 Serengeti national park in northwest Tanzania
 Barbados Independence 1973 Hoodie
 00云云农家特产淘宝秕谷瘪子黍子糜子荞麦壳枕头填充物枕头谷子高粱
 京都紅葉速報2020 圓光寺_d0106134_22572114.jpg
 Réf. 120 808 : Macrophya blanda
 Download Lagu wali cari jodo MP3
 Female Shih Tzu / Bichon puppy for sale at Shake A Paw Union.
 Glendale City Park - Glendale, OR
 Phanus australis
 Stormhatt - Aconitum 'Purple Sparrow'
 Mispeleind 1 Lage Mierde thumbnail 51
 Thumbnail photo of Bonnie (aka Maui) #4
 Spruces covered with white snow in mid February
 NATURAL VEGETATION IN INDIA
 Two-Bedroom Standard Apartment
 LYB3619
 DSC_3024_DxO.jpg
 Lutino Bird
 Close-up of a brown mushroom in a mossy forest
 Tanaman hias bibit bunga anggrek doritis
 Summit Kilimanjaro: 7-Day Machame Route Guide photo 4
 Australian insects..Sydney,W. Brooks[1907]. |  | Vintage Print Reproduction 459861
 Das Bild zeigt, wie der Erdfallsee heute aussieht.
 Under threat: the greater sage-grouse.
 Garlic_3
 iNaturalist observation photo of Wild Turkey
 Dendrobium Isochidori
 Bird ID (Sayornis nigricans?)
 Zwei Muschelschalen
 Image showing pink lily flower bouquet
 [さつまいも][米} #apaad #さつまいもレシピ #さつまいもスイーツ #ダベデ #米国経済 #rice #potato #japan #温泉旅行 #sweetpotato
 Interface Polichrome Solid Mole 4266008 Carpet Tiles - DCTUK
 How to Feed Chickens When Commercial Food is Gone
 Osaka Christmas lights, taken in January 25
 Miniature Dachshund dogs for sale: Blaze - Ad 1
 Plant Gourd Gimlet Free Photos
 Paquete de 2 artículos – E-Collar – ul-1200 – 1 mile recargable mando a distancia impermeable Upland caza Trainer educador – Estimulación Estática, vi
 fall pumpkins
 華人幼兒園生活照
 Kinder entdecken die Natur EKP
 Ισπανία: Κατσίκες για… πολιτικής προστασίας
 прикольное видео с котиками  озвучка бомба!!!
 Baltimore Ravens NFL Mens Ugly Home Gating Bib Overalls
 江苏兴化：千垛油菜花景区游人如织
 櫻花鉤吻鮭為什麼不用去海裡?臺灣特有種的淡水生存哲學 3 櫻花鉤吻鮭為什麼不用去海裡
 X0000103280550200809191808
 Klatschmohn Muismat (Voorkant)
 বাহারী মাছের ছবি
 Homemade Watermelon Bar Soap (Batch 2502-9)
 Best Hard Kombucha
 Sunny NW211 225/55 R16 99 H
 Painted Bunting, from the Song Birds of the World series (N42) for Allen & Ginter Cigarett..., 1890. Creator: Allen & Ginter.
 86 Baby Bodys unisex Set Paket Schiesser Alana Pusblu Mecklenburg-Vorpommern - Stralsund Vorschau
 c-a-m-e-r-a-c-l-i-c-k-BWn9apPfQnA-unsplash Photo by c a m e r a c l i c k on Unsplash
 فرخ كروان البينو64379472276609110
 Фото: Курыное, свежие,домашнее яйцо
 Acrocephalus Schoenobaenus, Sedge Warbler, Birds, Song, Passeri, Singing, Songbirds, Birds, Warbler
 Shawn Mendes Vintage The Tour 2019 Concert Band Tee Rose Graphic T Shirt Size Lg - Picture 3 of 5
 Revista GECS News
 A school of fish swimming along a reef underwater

☆ ☆ ☆ ☆ ☆

TASK TO COMPLETE: Could you restate the records above word for word?

RESPONSE TO THE EXERCISE:
 Serengeti national park in northwest Tanzania
 Barbados Independence 1973 Hoodie
 00云云农家特产淘宝秕谷瘪子黍子糜子荞麦壳枕头填充物枕头谷子高粱
 京都紅葉速報2020 圓光寺_d0106134_22572114.jpg
 Réf. 120 808 : Macrophya blanda
 Download Lagu wali cari jodo MP3
 Female Shih Tzu / Bichon puppy for sale at Shake A Paw Union.
 Glendale City Park - Glendale, OR
 Phanus australis
 Stormhatt - Aconitum 'Purple Sparrow'
 Mispeleind 1 Lage Mierde thumbnail 51
 Thumbnail photo of Bonnie (aka Maui) #4
 Spruces covered with white snow in mid February
 NATURAL VEGETATION IN INDIA
 Two-Bedroom Standard Apartment
 LYB3619
 DSC_3024_DxO.jpg
 Lutino Bird
 Close-up of a brown mushroom in a mossy forest
 Tanaman hias bibit bunga anggrek doritis
 Summit Kilimanjaro: 7-Day Machame Route Guide photo 4
 Australian insects..Sydney,W. Brooks[1907]. |  | Vintage Print Reproduction 459861
 Das Bild zeigt, wie der Erdfallsee heute aussieht.
 Under threat: the greater sage-grouse.
 Garlic_3
 iNaturalist observation photo of Wild Turkey
 Dendrobium Isochidori
 Bird ID (Sayornis nigricans?)
 Zwei Muschelschalen
 Image showing pink lily flower bouquet
 [さつまいも][米} #apaad #さつまいもレシピ #さつまいもスイーツ #ダベデ #米国経済 #rice #potato #japan #温泉旅行 #sweetpotato
 Interface Polichrome Solid Mole 4266008 Carpet Tiles - DCTUK
 How to Feed Chickens When Commercial Food is Gone
 Osaka Christmas lights, taken in January 25
 Miniature Dachshund dogs for sale: Blaze - Ad 1
 Plant Gourd Gimlet Free Photos
 Paquete de 2 artículos – E-Collar – ul-1200 – 1 mile recargable mando a distancia impermeable Upland caza Trainer educador – Estimulación Estática, vi
 fall pumpkins
 華人幼兒園生活照
 Kinder entdecken die Natur EKP
 Ισπανία: Κατσίκες για… πολιτικής προστασίας
 прикольное видео с котиками  озвучка бомба!!!
 Baltimore Ravens NFL Mens Ugly Home Gating Bib Overalls
 江苏兴化：千垛油菜花景区游人如织
 櫻花鉤吻鮭為什麼不用去海裡?臺灣特有種的淡水生存哲學 3 櫻花鉤吻鮭為什麼不用去海裡
 X0000103280550200809191808
 Klatschmohn Muismat (Voorkant)
 বাহারী মাছের ছবি
 Homemade Watermelon Bar Soap (Batch 2502-9)
 Best Hard Kombucha
 Sunny NW211 225/55 R16 99 H
 Painted Bunting, from the Song Birds of the World series (N42) for Allen & Ginter Cigarett..., 1890. Creator: Allen & Ginter.
 86 Baby Bodys unisex Set Paket Schiesser Alana Pusblu Mecklenburg-Vorpommern - Stralsund Vorschau
 c-a-m-e-r-a-c-l-i-c-k-BWn9apPfQnA-unsplash Photo by c a m e r a c l i c k on Unsplash
 فرخ كروان البينو64379472276609110
 Фото: Курыное, свежие,домашнее яйцо
 Acrocephalus Schoenobaenus, Sedge Warbler, Birds, Song, Passeri, Singing, Songbirds, Birds, Warbler
 Shawn Mendes Vintage The Tour 2019 Concert Band Tee Rose Graphic T Shirt Size Lg - Picture 3 of 5
 Revista GECS News
 A school of fish swimming along a reef underwater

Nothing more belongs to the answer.